● GIVEN DATA:
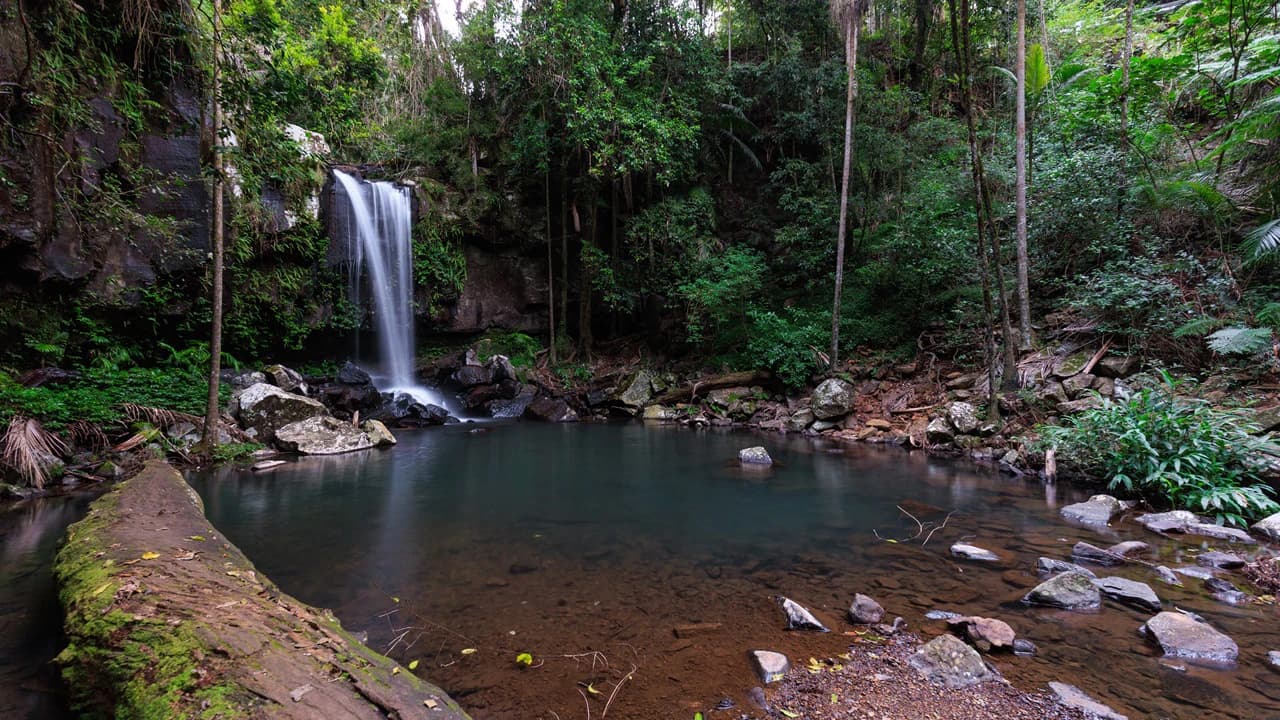 Guided Evening Rainforest Walk and Glow Worms Experience from Gold Coast - image 8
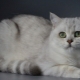 Stříbrná britská činčila: popis a obsah koček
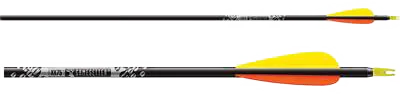 ARROW GAMEGETTER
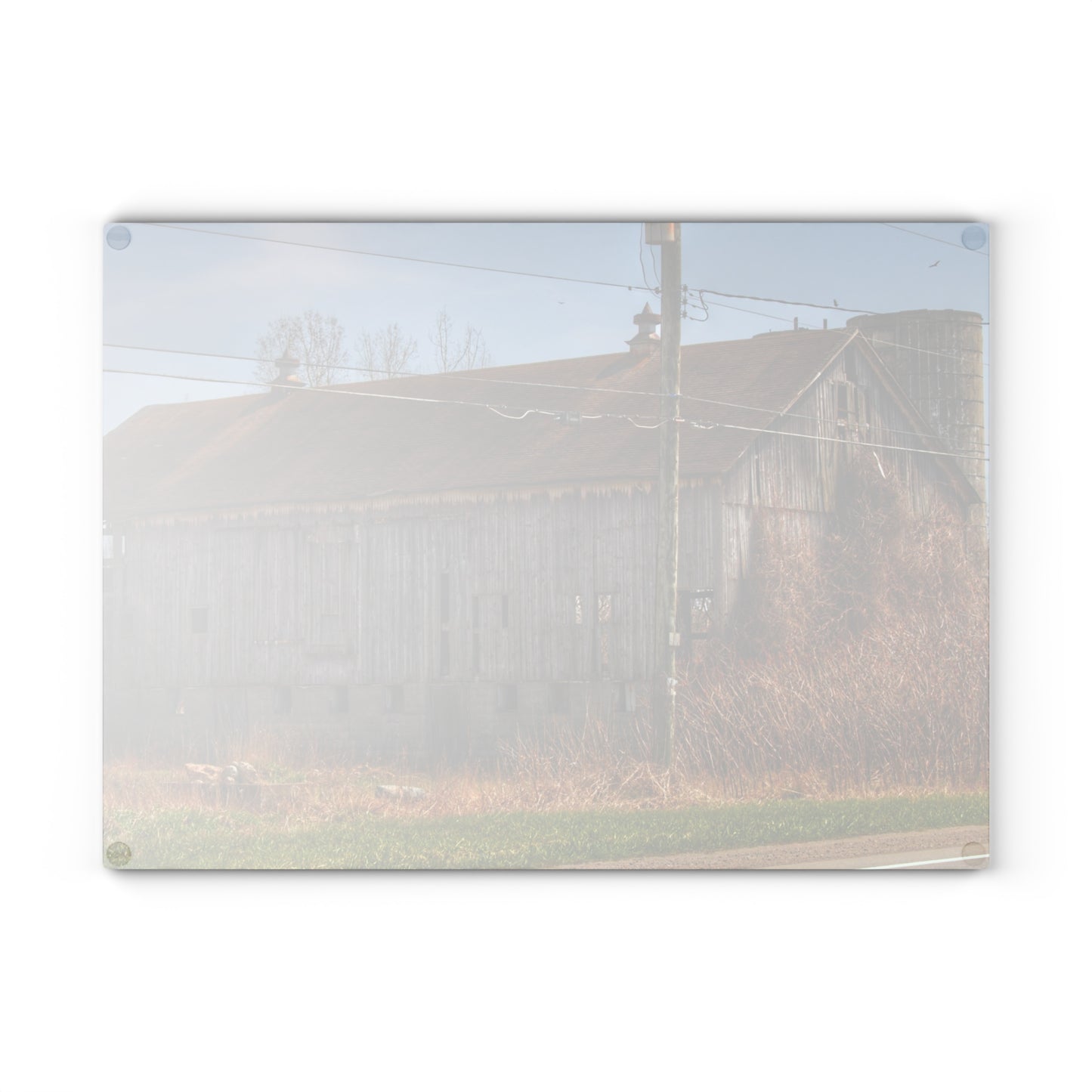 U R There Photography Metamora M-24 Grey III Rustic Farmhouse Tempered-Glass Cutting Board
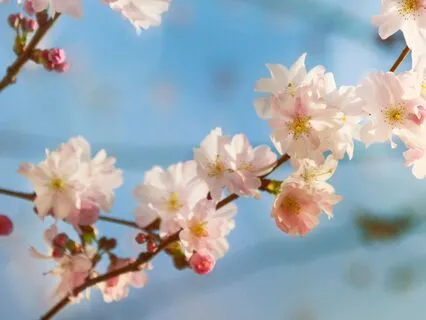 The Practicing Presence Breath Snack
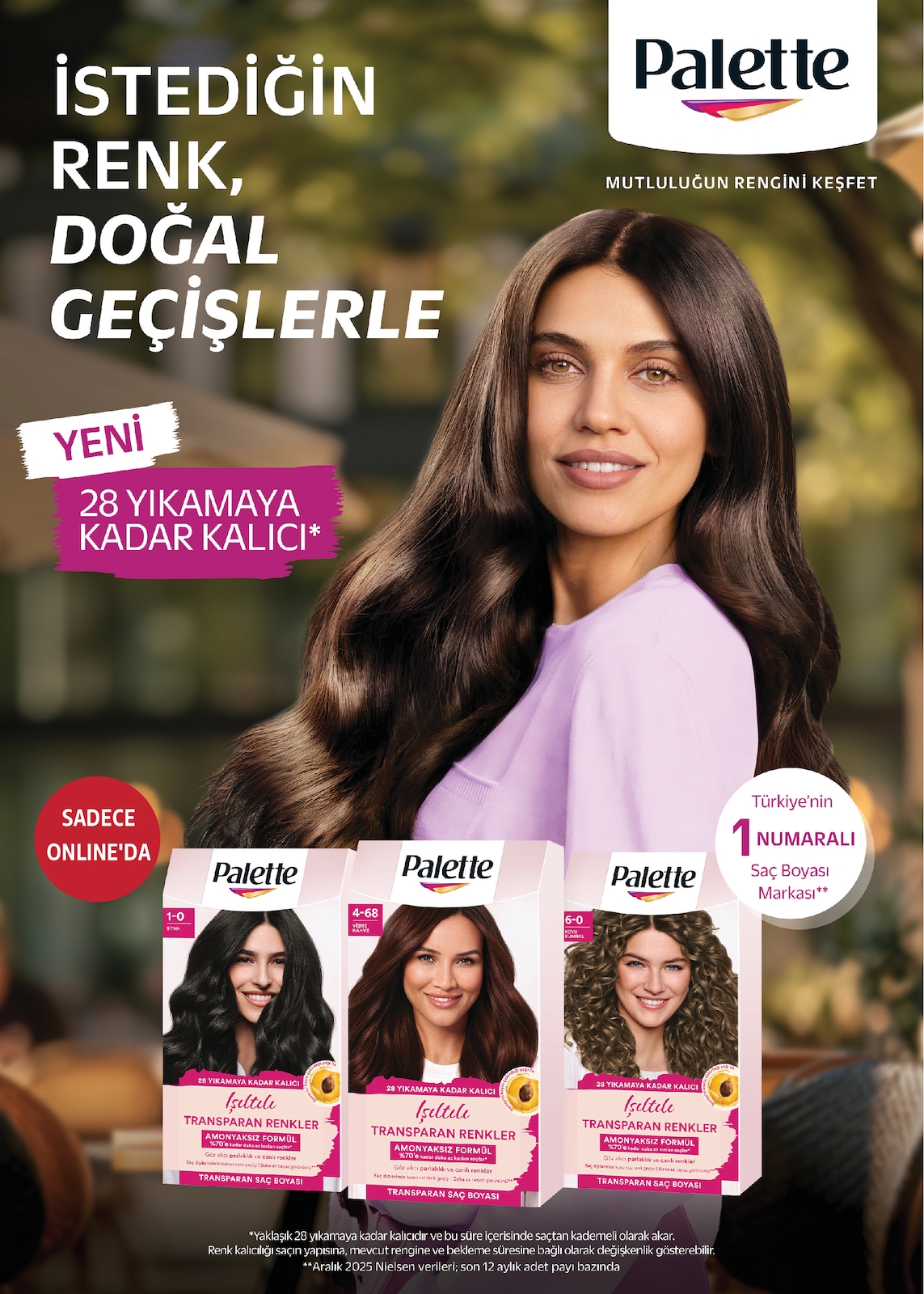 Sayfa 13 küçük resmi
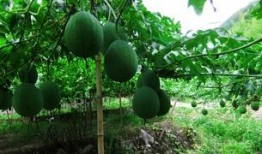 吊瓜吃哪部分,揭秘最佳食用部位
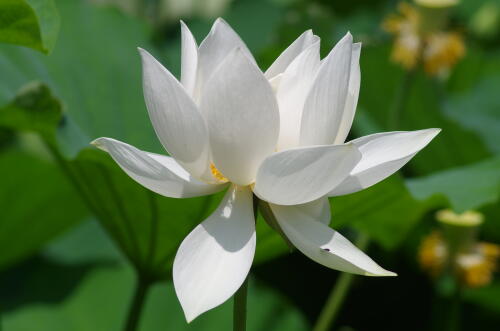 昭和記念公園のハスの花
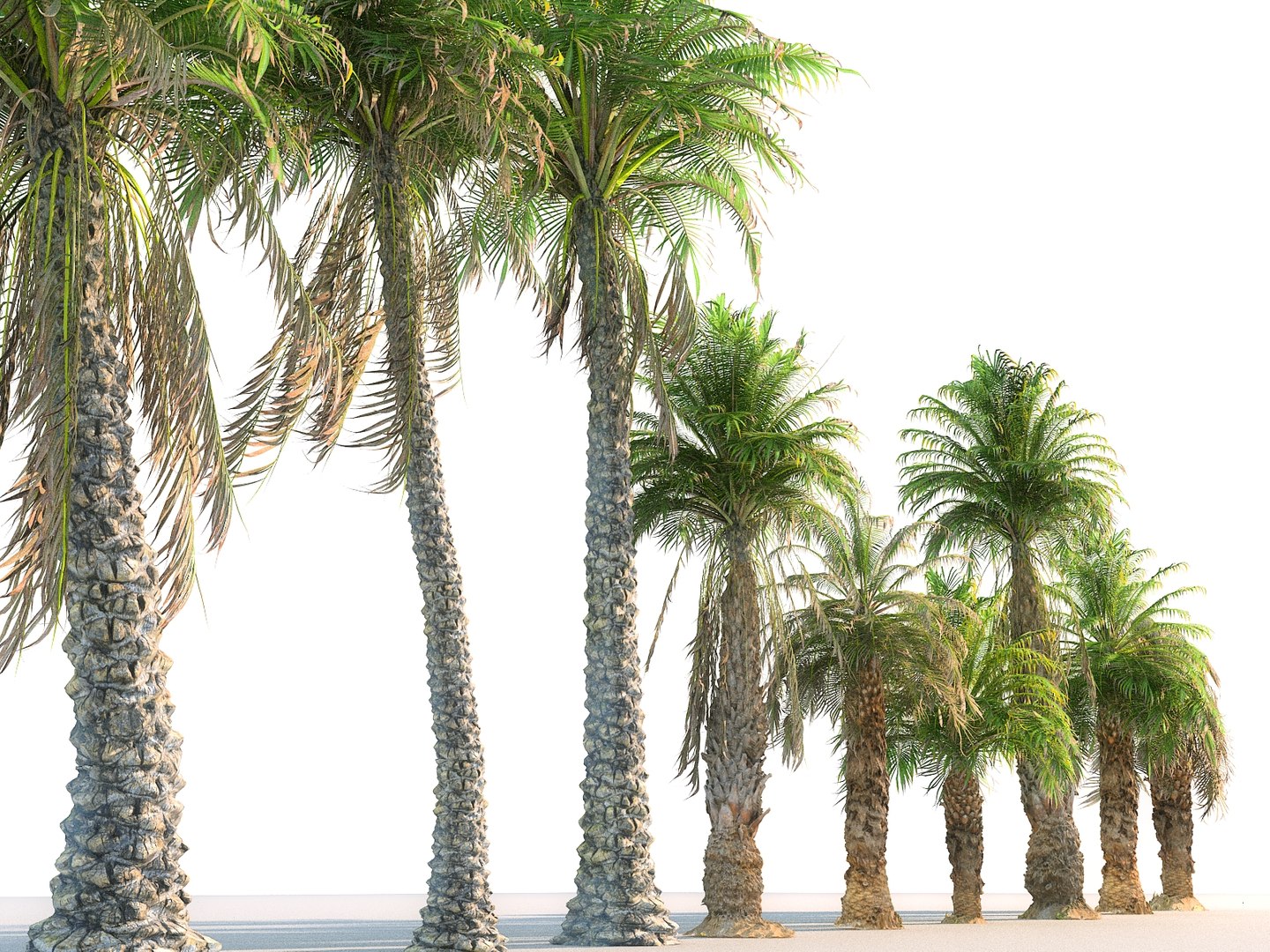 3D model palm pack 9 tree https://p.turbosquid.com/ts-thumb/In/MEwaJX/uQqZFYkz/554/jpg/1567162230/1920x1080/fit_q87/1fed50f6908b65cc9ec2076f4deeeabc34926007/554.jpg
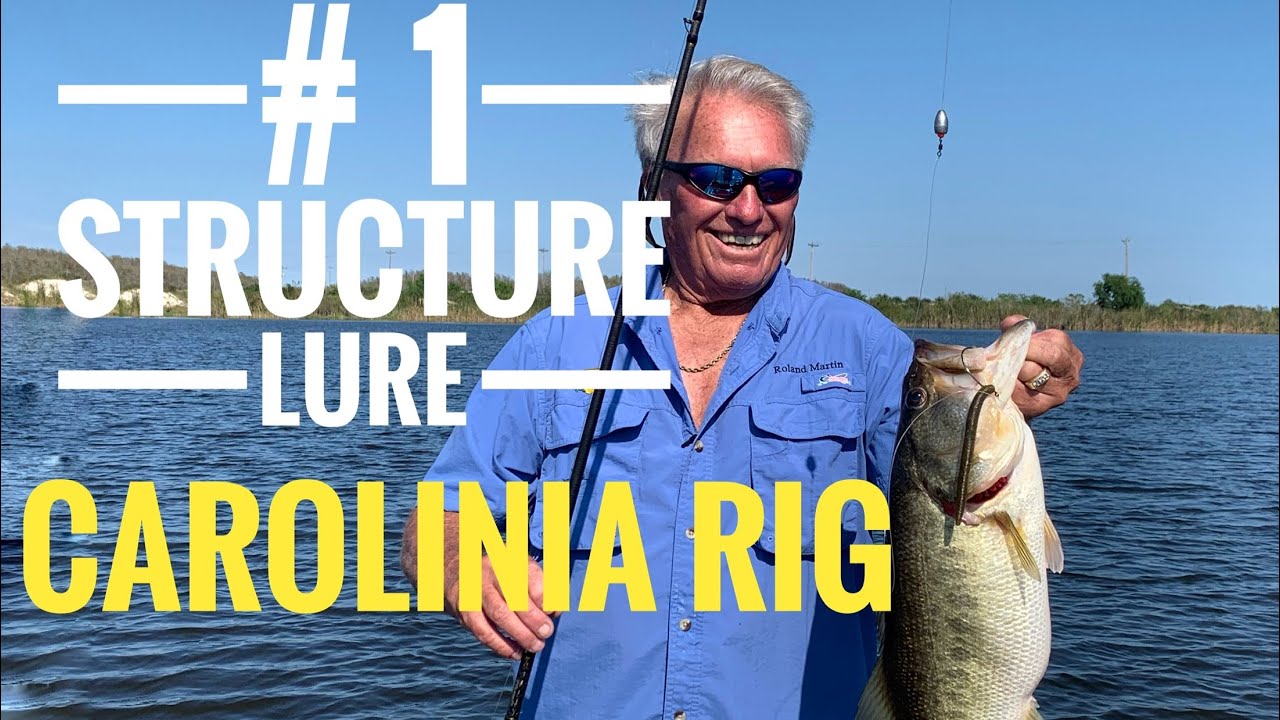 Carolina rig for big Bass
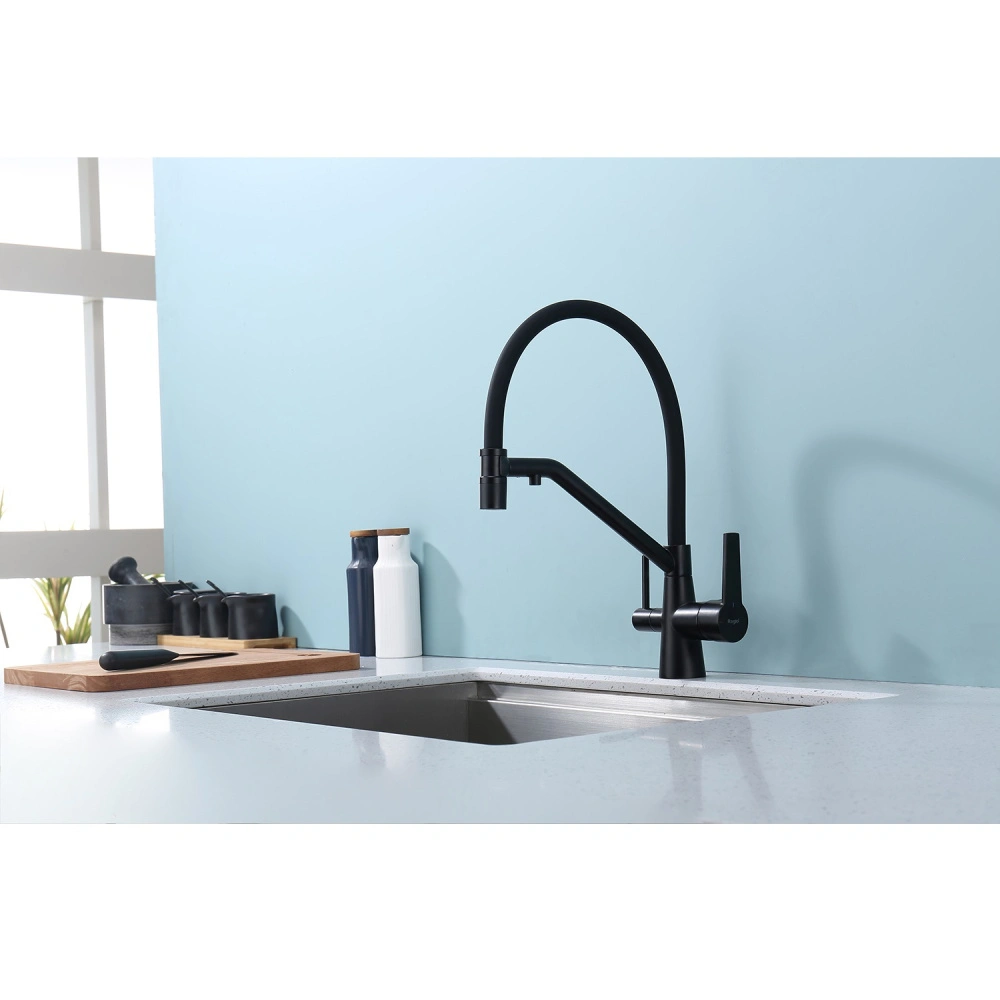 Смеситель для кухни с подключением фильтра Raglo R80.62.06, черный от магазина Vanna-Vanna.ru!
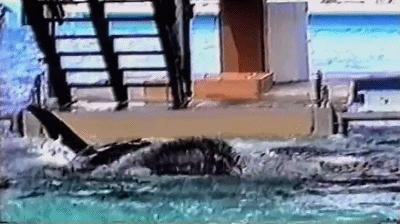 丧心病狂！每帧画面都在捅刀子，多少人忽视了这些人间惨剧…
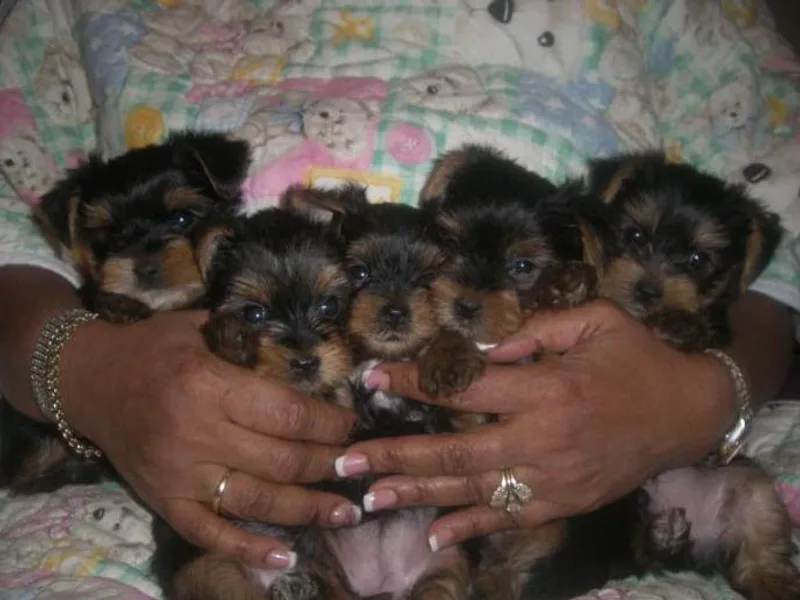 Extreme Puppy Lovers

● TASK ITEM:
Only the lines from the one that contains "Смеситель для кухни" to the end of the records, inclusive, are to be quoted exactly, with pictures excluded.

● RESPONSE TO THE TASK:
 Смеситель для кухни с подключением фильтра Raglo R80.62.06, черный от магазина Vanna-Vanna.ru!
 丧心病狂！每帧画面都在捅刀子，多少人忽视了这些人间惨剧…
 Extreme Puppy Lovers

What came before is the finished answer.